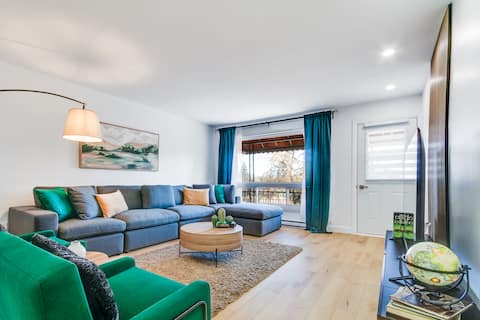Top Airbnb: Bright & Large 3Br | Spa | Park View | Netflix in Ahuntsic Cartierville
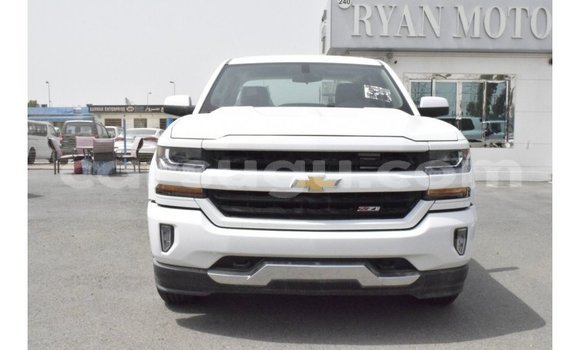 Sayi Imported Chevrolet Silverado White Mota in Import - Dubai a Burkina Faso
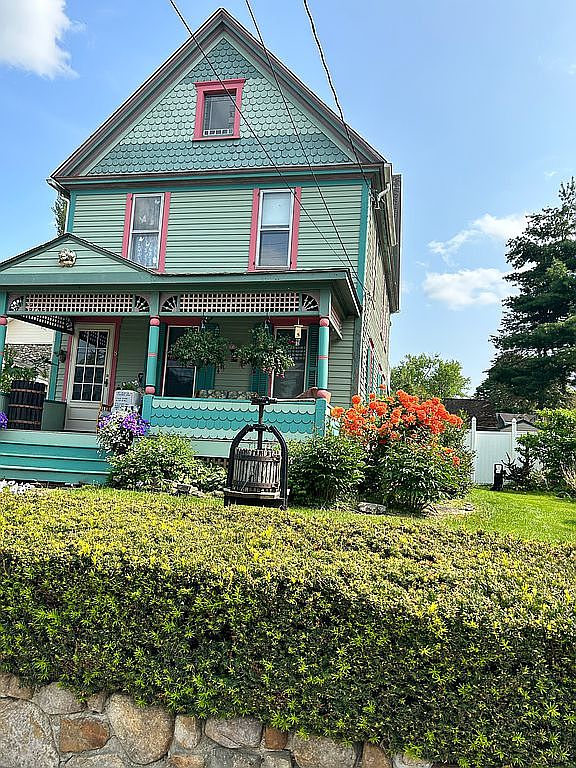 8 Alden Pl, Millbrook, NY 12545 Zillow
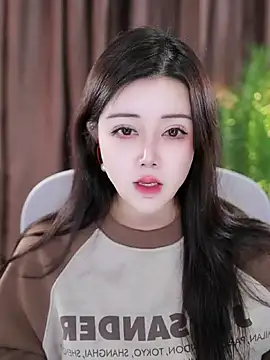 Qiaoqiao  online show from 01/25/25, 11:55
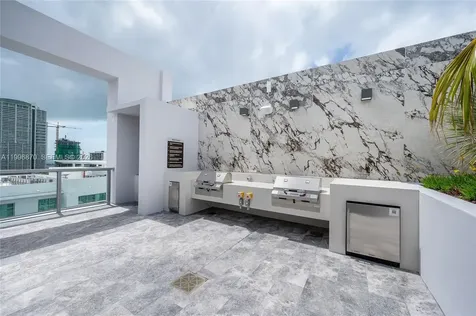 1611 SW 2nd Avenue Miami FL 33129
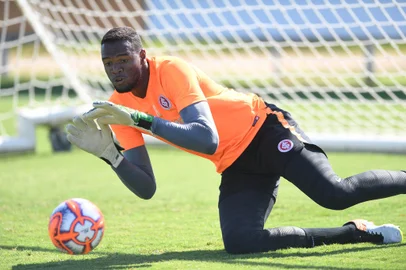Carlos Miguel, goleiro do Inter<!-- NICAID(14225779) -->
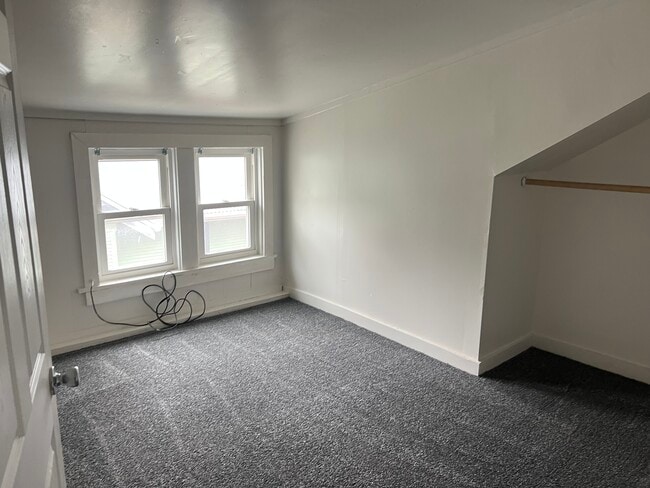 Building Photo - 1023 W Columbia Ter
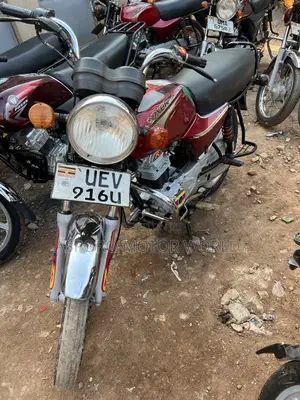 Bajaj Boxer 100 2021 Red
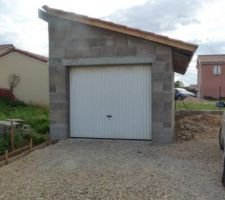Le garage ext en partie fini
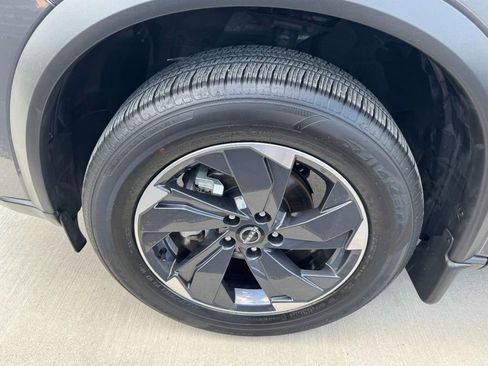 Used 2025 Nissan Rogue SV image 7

* * *

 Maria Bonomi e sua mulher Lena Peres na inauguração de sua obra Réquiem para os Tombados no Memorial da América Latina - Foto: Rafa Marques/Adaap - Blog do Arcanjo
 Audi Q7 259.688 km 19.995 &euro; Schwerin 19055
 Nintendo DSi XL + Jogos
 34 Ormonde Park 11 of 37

* * *

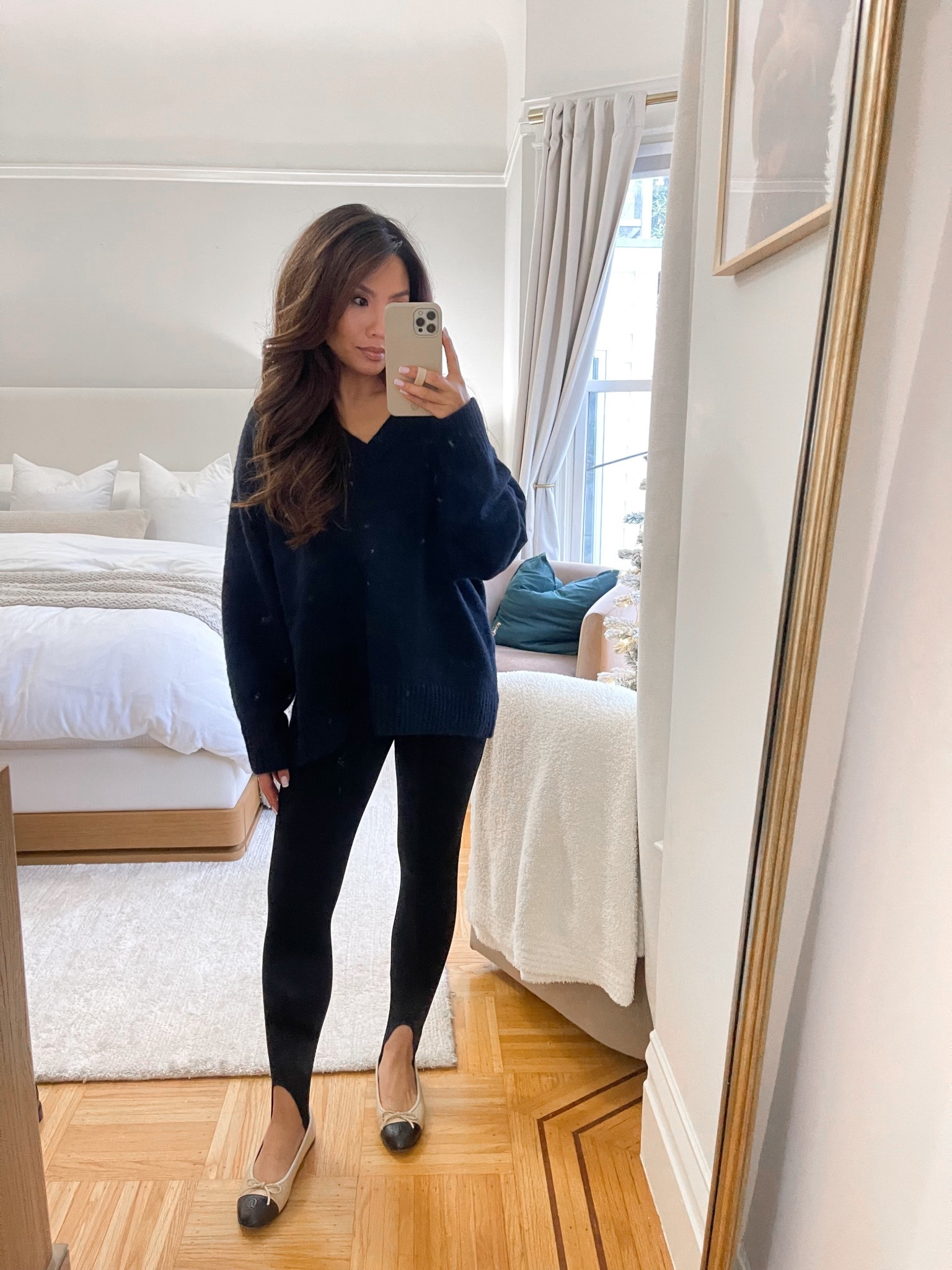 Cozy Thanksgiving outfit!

ASSIGNED TASK:
Using the data above, transcribe exactly the lines between those containing "Le garage ext en partie fini" and "Used 2025 Nissan Rogue SV image 7", inclusive, and leave every picture behind.

FINAL ANSWER:
Le garage ext en partie fini
 Used 2025 Nissan Rogue SV image 7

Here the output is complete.